The incoming feature will ask users to fact-check or clarify claims in popular posts, marking a departure from Meta’s former fact-checking system, which relied on fact-checking experts.
“We won’t be reinventing the wheel. Initially we will use X’s open-source algorithm as the basis of our rating system,” Meta said in a press release on Thursday.
Twitter introduced community notes under the name Birdwatch in 2021, well before Musk bought the service and rebranded it as X. Users on X already rank other users’ notes, and the most popular response appears directly below posts.
Meta said it will launch its similar feature on Facebook, Instagram and Threads, but only within the United States for now. The company eventually intends to roll out the new system globally. Meta added that user-submitted notes won’t actually appear beneath posts until it thinks its system is working properly.
Meta first announced that it would retire its third-party fact-checking program in January. At the time, CEO Mark Zuckerberg said that the company would replace it with community notes, similar to X, without giving much detail.
Meta’s third-party fact-checking program started in 2016, shortly after President Donald Trump won his first election. At the time, Facebook faced criticism for failing to catch election-related misinformation on the platform, including disinformation campaigns led by foreign governments.

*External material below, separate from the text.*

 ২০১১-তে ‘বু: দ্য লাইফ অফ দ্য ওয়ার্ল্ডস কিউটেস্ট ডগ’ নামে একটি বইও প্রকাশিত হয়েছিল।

“We expect Community Notes to be less biased than the third party fact checking program it replaces, and to operate at a greater scale when it is fully up and running,” the company said in the press release, saying the experts in the earlier fact-checking program had political biases that affected their judgement.

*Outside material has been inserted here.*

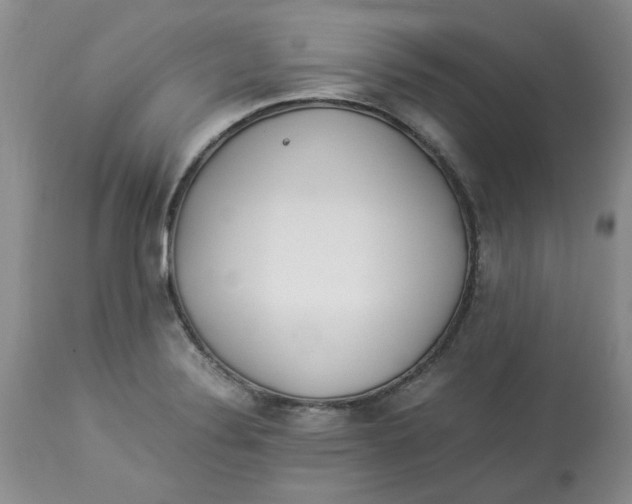 X0000114011324200910231806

“Community Notes allow more people with more perspectives to add context to more types of content, and because publishing a note requires agreement between different people, we believe it will be less prone to bias,” Meta said.
Separately, Zuckerberg has said the change could also mean that Meta is “going to catch less bad stuff,” per ABC.

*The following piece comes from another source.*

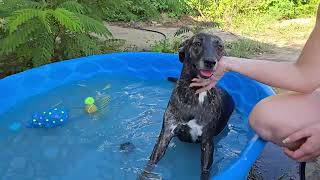 Video preview image #1 Labrador Retriever-Unknown Mix Puppy For Sale in Jackson, MS, USA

Meta’s community notes also won’t have penalties associated with them. Under the earlier system, posts that received third-party fact-checking intervention were shown less often on people’s feeds, due to them potentially harboring false and harmful information. That won’t be the case with posts that receive community notes.
But X’s crowd-sourced fact-checking has also been deemed ill-equipped for handling misinformation. Reports have found that accurate notes on misleading posts were not displayed 100% of the time, and even when they were, the original post got significantly more views than the correcting note.
Meta shared that around 200,000 users have signed up to become Community Notes contributors so far across all three apps, and the waitlist is still open for those who wish to take part. The feature will be available in English, Spanish, Chinese, Vietnamese, French and Portuguese to start before expanding to other languages with time.